Pedestrians cross a street in front of a stock indicator board displaying share prices of the Tokyo Stock Exchange in Tokyo on January 7, 2019. – Tokyo stocks closed up more than two percent on January 7, 2019, after European and US markets roared last week on strong US data and dovish comments from the US Federal Reserve. (Photo by Behrouz MEHRI / AFP)

Asian markets mostly turned south Thursday as investors took a breather after rallying this week on optimism over China-US trade talks and the Federal Reserve’s softer tone on interest rates.

There was also growing unease over the US government shutdown, which is now in its third week, after President Donald Trump walked out of a meeting with Democrats to resolve the issue, meaning it will likely drag on for some time to come.

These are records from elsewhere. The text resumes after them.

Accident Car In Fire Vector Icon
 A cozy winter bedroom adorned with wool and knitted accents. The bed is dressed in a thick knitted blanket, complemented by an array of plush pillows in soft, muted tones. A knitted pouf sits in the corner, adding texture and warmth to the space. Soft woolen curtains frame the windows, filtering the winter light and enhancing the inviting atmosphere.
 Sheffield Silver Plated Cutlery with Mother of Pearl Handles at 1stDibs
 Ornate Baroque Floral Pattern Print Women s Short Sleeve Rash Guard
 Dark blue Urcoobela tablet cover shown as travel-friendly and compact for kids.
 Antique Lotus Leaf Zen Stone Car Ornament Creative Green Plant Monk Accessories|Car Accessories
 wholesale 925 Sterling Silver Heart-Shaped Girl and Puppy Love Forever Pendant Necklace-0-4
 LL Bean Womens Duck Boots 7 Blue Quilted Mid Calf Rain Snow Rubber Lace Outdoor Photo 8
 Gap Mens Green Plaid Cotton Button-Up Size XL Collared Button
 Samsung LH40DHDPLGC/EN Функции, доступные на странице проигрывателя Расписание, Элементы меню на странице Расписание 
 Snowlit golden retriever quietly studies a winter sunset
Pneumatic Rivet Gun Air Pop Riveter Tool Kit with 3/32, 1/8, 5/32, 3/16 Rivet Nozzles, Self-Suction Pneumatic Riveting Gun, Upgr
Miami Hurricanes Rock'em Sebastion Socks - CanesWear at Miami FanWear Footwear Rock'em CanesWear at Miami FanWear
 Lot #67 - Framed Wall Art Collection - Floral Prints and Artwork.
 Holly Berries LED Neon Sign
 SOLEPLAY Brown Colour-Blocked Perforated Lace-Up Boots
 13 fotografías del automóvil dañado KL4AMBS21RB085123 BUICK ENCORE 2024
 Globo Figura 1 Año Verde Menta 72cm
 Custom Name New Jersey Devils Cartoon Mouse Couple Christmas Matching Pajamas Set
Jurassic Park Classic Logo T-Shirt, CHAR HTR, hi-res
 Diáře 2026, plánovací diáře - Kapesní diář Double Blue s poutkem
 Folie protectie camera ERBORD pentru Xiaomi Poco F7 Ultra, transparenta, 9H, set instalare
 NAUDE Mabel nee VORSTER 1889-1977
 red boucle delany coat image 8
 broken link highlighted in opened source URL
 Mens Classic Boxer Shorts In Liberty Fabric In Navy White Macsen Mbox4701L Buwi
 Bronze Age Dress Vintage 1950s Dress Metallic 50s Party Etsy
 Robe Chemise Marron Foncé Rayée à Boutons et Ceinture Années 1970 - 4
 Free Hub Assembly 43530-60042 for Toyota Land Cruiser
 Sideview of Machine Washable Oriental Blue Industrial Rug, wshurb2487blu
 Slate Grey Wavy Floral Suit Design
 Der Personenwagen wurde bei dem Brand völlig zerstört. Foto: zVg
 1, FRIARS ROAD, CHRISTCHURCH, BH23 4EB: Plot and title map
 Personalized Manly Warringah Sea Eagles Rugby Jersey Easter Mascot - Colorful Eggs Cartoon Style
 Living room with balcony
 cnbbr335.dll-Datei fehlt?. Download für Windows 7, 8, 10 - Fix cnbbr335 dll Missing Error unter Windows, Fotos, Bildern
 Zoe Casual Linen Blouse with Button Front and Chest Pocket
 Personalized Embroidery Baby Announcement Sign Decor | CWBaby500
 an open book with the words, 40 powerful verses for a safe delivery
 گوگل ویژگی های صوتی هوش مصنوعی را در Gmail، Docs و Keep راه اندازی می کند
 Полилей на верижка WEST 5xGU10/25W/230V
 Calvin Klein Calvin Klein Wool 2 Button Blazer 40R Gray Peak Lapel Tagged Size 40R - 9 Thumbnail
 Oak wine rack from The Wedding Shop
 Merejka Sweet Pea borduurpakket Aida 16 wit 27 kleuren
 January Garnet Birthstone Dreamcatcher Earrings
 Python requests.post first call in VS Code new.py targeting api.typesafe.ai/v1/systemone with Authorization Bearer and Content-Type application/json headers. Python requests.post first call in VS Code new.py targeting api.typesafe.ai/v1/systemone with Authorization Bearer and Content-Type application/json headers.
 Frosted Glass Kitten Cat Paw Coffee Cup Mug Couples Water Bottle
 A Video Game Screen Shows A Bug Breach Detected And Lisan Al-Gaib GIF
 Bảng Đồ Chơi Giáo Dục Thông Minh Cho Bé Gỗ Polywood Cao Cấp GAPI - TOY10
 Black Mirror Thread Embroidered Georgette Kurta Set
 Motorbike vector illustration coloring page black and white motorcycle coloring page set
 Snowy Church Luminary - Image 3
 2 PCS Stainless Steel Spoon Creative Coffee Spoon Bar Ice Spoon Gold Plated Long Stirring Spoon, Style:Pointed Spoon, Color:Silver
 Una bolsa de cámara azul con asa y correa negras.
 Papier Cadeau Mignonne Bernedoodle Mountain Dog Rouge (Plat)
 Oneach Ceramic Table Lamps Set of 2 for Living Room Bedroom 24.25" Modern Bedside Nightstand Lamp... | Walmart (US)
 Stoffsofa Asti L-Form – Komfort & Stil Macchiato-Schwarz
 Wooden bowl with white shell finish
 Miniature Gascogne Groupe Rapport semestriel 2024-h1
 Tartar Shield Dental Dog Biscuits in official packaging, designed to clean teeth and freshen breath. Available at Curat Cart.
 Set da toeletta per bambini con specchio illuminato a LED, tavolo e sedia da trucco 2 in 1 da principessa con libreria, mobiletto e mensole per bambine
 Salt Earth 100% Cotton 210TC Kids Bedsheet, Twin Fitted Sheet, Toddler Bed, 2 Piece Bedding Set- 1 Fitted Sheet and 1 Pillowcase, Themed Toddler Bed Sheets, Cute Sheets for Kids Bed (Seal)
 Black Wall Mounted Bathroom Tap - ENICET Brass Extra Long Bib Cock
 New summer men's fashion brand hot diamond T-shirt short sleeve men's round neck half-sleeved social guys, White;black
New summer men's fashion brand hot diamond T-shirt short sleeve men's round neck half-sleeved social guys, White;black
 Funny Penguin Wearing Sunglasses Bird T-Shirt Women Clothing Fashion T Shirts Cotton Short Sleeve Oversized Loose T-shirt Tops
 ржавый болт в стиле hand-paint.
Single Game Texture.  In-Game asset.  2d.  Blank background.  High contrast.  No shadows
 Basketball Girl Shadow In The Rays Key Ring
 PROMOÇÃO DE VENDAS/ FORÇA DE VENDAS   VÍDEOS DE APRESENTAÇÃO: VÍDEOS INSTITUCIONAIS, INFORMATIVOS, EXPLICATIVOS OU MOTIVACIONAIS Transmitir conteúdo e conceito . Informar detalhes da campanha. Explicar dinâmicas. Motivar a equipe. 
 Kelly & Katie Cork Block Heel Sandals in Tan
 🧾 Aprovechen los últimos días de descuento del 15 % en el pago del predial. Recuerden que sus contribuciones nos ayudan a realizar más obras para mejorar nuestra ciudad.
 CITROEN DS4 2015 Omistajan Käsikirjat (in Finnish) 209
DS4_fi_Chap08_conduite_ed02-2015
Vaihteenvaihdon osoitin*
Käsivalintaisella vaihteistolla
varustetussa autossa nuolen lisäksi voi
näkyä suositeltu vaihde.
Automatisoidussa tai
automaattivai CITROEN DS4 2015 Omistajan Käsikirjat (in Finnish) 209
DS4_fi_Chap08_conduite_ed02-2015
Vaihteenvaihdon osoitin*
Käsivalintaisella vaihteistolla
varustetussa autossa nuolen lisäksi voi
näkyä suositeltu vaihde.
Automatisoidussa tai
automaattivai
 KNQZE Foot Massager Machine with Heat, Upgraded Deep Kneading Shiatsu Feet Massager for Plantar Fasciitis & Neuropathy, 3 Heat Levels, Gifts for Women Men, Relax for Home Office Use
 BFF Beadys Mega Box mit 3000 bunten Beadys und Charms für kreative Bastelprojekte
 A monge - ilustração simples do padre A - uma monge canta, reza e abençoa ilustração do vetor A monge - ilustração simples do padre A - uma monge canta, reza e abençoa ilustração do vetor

Tokyo led the losses, with exporters hit by a rising yen against the dollar after minutes from the Fed’s latest policy meeting showed the policy board happy to slow its pace of rate hikes to prevent a slowdown in the economy.

Central bankers said they “can afford to be patient” owing to low inflation and uncertainty about the outlook and while there would likely be more increases in borrowing costs, it would be a “relatively limited amount”.

The minutes reinforced comments from Fed boss Jerome Powell last week that there was no “pre-set” plan on rates, which fanned a global market rally. Fears about rising costs were a key factor in driving equities lower last year.

They also fuelled a dollar sell-off with the greenback weakening across the board and the Chinese yuan at its highest level since late August.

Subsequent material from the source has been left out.